Issue Plaintiff's Argument (State) Defendant's Argument (Hintze) Held
Whether the two‑year post‑filing prosecutorial delay violated the Sixth Amendment right to a speedy trial Delay was negligent/neutral, no bad faith, Hintze did not timely assert a speedy‑trial demand, and he failed to prove actual prejudice from the delay Delay (over two years after filing) triggered Barker; State to blame for delay; Hintze promptly sought counsel and invoked right after learning of the charge; delay caused prejudice (denial of parole/additional incarceration) Majority: Four Barker factors weigh for Hintze; Sixth Amendment violated; conviction reversed and case dismissed.

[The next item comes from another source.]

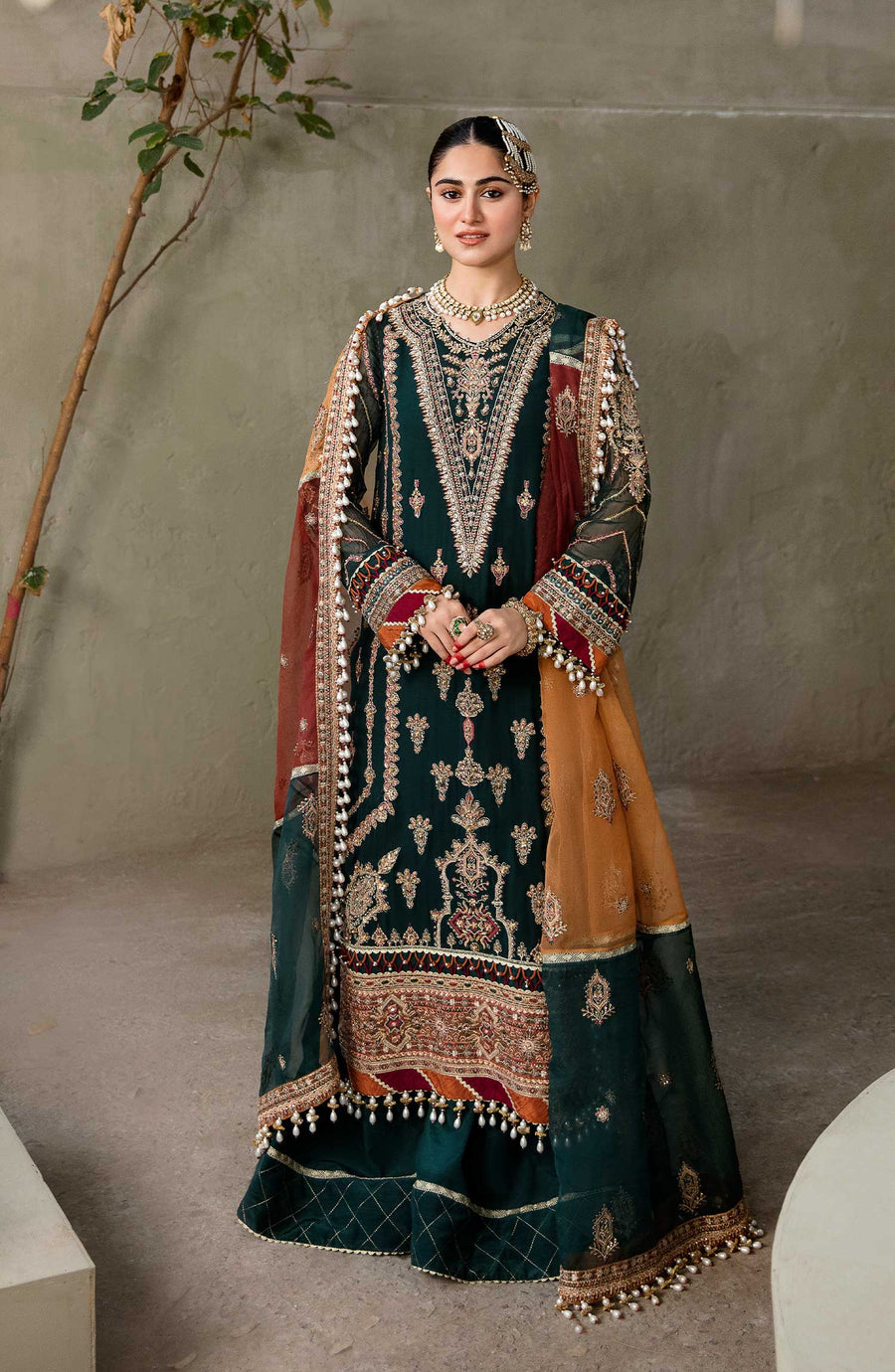 Zarin by Eleshia Unstitched Embroidered Chiffon 3Pc Suit - GUL RANG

Whether officers unlawfully seized Hintze before he gave his name and whether there was reasonable suspicion to detain Encounter was a consensual level‑one contact; questioning and positioning were noncoercive (relying on Delgado/Drayton) and requesting a name was permissible Three uniformed officers positioned themselves and their bikes to block egress and asked accusatory questions before requesting name—constituted a seizure without reasonable suspicion Majority: did not reach suppression (decision unnecessary after speedy‑trial reversal). Dissent: would have found a seizure lacking reasonable suspicion and would reverse denial of suppression.

Key Cases Cited

  • Barker v. Wingo, 407 U.S. 514 (1972) (establishing four‑factor speedy‑trial balancing test)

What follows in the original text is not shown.